§ **Try it**
A stretch of the entries below is to be set down exactly, running from the line with "Companhia Líquida, no" through the line with "IWWORKING with", both included, and no other line.

---------- Records supplied ----------

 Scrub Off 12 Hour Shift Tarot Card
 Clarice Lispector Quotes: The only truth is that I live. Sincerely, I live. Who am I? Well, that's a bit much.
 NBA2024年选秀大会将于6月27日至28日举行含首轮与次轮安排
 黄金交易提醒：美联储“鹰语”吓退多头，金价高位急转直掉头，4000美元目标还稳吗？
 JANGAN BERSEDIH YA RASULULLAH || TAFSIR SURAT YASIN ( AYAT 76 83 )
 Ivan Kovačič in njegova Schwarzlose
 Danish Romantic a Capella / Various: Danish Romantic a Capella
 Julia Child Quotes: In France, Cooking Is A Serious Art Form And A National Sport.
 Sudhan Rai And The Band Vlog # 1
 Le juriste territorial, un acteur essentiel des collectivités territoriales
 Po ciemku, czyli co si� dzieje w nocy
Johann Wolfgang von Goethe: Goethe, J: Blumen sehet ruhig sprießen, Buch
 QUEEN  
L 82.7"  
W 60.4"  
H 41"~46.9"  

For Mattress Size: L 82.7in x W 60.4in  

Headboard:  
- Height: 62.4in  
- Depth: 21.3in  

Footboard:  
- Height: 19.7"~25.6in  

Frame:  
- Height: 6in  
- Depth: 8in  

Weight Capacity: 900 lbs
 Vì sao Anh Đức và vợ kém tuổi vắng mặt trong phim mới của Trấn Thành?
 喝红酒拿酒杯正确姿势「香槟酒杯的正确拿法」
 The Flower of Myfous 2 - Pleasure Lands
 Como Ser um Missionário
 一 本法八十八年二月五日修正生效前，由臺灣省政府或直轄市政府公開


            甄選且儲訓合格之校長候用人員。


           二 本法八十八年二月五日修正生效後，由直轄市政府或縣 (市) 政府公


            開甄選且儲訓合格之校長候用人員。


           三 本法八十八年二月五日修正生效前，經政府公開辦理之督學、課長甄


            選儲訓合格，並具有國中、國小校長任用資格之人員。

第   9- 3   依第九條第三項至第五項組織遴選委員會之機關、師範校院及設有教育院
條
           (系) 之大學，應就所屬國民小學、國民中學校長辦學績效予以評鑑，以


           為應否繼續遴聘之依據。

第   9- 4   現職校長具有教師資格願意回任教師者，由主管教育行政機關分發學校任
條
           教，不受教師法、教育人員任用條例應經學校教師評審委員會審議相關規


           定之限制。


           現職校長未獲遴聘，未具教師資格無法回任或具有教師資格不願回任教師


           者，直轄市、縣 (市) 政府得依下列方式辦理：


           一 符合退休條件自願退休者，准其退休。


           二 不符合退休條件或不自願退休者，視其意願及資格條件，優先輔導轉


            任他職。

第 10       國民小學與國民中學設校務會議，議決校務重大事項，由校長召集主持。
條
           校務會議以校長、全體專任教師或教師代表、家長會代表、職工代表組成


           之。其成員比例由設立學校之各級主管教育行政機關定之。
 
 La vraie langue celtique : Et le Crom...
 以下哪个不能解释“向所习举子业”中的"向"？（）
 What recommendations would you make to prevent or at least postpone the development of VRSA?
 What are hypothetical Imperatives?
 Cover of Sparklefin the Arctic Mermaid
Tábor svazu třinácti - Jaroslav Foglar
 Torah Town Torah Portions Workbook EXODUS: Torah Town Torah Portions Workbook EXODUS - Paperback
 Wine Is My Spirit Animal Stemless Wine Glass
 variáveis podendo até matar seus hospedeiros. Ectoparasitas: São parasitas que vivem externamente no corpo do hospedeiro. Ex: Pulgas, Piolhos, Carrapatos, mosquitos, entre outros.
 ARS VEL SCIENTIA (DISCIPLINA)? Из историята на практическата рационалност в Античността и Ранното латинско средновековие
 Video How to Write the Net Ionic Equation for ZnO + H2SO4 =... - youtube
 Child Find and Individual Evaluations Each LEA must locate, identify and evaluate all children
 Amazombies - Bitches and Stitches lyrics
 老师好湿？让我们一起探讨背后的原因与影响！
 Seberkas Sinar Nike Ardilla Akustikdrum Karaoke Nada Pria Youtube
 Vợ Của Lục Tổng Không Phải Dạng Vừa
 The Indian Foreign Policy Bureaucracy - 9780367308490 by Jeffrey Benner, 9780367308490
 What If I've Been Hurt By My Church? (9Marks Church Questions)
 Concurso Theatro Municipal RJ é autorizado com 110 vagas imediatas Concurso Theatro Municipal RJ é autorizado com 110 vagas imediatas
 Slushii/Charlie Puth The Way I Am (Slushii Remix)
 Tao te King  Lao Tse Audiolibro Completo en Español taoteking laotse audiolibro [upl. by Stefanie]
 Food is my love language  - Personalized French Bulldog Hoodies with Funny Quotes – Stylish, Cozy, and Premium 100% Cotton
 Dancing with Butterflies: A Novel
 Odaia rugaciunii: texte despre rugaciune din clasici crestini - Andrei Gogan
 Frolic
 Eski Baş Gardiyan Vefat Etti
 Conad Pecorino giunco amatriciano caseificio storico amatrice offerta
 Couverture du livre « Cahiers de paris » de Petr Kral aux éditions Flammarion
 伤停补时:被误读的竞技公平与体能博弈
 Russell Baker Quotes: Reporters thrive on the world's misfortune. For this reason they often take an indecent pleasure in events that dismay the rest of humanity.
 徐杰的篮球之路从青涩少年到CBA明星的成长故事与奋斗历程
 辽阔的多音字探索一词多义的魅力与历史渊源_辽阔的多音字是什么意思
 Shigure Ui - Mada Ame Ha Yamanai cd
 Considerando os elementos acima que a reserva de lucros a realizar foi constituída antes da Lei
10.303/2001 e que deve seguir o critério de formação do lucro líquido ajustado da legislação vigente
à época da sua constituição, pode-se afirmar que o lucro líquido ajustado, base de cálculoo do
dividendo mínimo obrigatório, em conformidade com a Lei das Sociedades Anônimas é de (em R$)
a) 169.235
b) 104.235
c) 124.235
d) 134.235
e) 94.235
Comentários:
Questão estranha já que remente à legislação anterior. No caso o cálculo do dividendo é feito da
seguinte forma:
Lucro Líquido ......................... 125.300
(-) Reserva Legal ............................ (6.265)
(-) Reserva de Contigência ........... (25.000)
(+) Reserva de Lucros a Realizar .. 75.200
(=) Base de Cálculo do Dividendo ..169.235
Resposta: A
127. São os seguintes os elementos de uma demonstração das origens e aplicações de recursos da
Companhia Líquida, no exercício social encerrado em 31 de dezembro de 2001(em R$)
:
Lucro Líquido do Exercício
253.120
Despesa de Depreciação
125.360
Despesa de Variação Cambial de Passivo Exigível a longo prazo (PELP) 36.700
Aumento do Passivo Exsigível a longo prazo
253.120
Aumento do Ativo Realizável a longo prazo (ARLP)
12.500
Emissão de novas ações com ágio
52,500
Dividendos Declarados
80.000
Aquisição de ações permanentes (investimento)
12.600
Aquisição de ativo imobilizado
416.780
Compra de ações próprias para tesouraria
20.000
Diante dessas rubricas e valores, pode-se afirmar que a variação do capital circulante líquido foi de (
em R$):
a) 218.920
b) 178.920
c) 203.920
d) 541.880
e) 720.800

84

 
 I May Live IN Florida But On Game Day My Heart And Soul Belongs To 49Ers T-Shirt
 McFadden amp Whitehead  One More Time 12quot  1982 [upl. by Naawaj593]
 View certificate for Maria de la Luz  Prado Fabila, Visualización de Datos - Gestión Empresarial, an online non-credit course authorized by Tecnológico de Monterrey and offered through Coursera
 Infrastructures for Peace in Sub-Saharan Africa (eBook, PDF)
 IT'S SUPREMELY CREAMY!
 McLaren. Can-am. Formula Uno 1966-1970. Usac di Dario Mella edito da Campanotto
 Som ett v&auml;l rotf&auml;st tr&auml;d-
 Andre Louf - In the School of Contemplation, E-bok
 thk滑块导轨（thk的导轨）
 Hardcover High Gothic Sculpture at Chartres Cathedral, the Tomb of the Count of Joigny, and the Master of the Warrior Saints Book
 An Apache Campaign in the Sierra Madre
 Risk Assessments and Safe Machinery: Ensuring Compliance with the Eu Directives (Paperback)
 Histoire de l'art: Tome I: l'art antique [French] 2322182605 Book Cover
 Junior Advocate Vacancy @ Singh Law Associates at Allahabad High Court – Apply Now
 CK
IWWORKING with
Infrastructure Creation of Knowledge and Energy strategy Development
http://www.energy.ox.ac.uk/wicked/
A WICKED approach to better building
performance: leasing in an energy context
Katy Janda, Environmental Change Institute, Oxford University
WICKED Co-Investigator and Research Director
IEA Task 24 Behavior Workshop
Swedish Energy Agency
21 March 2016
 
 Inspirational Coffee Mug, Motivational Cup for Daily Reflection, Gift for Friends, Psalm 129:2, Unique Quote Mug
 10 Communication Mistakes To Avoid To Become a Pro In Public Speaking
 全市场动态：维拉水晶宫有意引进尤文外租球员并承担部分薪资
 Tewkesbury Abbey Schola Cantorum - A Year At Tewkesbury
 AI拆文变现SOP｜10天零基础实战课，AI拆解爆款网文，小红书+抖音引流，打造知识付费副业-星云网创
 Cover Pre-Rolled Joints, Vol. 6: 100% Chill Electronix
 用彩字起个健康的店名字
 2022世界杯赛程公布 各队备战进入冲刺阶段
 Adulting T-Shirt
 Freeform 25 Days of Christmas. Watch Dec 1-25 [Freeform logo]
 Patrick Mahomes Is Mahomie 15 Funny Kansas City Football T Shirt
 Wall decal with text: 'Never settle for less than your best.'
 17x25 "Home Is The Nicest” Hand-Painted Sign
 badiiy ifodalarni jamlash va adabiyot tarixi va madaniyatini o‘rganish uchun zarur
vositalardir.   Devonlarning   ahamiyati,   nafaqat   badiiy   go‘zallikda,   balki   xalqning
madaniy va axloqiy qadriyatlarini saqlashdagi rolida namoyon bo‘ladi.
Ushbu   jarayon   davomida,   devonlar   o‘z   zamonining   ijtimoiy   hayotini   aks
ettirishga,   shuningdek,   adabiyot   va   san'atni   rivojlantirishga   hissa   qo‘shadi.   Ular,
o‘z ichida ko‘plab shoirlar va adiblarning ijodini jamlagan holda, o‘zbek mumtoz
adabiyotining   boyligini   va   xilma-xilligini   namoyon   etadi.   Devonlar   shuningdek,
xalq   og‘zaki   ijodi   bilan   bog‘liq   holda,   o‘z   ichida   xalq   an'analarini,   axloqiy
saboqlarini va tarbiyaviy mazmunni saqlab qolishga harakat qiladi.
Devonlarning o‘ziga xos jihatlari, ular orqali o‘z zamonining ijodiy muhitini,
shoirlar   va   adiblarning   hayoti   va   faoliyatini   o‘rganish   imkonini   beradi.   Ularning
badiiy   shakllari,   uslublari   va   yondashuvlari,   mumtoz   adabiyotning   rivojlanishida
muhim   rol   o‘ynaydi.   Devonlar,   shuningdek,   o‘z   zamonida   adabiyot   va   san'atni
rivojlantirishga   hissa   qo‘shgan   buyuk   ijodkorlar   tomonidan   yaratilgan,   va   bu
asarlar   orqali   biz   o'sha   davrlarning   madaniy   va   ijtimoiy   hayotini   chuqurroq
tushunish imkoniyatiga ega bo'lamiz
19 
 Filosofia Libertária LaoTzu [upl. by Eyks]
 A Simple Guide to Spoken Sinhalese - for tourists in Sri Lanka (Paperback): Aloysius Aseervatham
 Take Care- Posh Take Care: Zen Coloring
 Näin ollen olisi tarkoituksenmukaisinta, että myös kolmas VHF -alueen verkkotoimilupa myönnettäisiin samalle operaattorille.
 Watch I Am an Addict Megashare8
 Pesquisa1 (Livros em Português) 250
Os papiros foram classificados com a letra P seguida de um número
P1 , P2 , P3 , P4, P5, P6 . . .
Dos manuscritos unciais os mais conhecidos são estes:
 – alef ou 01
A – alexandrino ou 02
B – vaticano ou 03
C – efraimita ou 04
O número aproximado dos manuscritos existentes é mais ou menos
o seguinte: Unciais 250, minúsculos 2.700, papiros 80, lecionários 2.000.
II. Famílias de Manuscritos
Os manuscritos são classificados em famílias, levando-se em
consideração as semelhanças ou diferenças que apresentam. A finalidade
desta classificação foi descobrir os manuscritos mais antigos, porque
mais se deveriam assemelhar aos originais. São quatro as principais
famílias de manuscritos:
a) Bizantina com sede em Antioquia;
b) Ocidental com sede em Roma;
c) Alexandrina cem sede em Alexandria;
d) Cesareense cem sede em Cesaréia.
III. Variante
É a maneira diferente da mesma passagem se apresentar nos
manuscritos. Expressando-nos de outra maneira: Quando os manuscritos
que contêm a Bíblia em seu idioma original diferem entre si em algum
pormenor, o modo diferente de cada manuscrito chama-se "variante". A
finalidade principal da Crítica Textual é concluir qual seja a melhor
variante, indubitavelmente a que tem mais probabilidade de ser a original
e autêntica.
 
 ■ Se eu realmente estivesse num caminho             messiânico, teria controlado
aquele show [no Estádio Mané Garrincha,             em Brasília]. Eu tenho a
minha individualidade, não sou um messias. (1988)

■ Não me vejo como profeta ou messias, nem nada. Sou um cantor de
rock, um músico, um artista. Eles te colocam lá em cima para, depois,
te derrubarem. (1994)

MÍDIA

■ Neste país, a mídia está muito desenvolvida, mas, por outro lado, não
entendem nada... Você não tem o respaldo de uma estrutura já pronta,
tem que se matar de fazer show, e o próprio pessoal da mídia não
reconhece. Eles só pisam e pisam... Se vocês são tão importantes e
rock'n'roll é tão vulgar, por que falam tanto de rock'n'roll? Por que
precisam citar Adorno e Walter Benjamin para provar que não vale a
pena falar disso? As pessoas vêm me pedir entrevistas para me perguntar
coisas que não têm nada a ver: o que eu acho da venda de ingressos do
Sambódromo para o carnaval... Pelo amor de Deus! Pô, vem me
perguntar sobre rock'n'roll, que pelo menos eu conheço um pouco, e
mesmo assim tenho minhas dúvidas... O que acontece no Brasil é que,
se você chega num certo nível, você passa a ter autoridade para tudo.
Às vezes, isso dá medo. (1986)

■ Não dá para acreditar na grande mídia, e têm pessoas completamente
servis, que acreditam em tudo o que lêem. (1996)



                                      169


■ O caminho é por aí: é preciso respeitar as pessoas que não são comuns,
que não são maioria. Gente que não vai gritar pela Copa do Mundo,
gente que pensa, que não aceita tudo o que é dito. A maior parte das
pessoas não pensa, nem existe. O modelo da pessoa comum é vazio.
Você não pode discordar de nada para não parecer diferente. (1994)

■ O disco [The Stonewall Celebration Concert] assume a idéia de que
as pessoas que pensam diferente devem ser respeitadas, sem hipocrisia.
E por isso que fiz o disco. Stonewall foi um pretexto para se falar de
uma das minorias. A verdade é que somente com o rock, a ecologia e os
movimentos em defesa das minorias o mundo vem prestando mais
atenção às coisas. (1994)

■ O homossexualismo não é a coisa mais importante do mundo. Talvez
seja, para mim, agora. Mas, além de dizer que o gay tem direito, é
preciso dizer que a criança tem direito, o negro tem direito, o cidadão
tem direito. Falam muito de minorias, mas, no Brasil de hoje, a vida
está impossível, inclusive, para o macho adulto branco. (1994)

----------

§ **Completed task**
Companhia Líquida, no exercício social encerrado em 31 de dezembro de 2001(em R$)
:
Lucro Líquido do Exercício
253.120
Despesa de Depreciação
125.360
Despesa de Variação Cambial de Passivo Exigível a longo prazo (PELP) 36.700
Aumento do Passivo Exsigível a longo prazo
253.120
Aumento do Ativo Realizável a longo prazo (ARLP)
12.500
Emissão de novas ações com ágio
52,500
Dividendos Declarados
80.000
Aquisição de ações permanentes (investimento)
12.600
Aquisição de ativo imobilizado
416.780
Compra de ações próprias para tesouraria
20.000
Diante dessas rubricas e valores, pode-se afirmar que a variação do capital circulante líquido foi de (
em R$):
a) 218.920
b) 178.920
c) 203.920
d) 541.880
e) 720.800

84

 
 I May Live IN Florida But On Game Day My Heart And Soul Belongs To 49Ers T-Shirt
 McFadden amp Whitehead  One More Time 12quot  1982 [upl. by Naawaj593]
 View certificate for Maria de la Luz  Prado Fabila, Visualización de Datos - Gestión Empresarial, an online non-credit course authorized by Tecnológico de Monterrey and offered through Coursera
 Infrastructures for Peace in Sub-Saharan Africa (eBook, PDF)
 IT'S SUPREMELY CREAMY!
 McLaren. Can-am. Formula Uno 1966-1970. Usac di Dario Mella edito da Campanotto
 Som ett v&auml;l rotf&auml;st tr&auml;d-
 Andre Louf - In the School of Contemplation, E-bok
 thk滑块导轨（thk的导轨）
 Hardcover High Gothic Sculpture at Chartres Cathedral, the Tomb of the Count of Joigny, and the Master of the Warrior Saints Book
 An Apache Campaign in the Sierra Madre
 Risk Assessments and Safe Machinery: Ensuring Compliance with the Eu Directives (Paperback)
 Histoire de l'art: Tome I: l'art antique [French] 2322182605 Book Cover
 Junior Advocate Vacancy @ Singh Law Associates at Allahabad High Court – Apply Now
 CK
IWWORKING with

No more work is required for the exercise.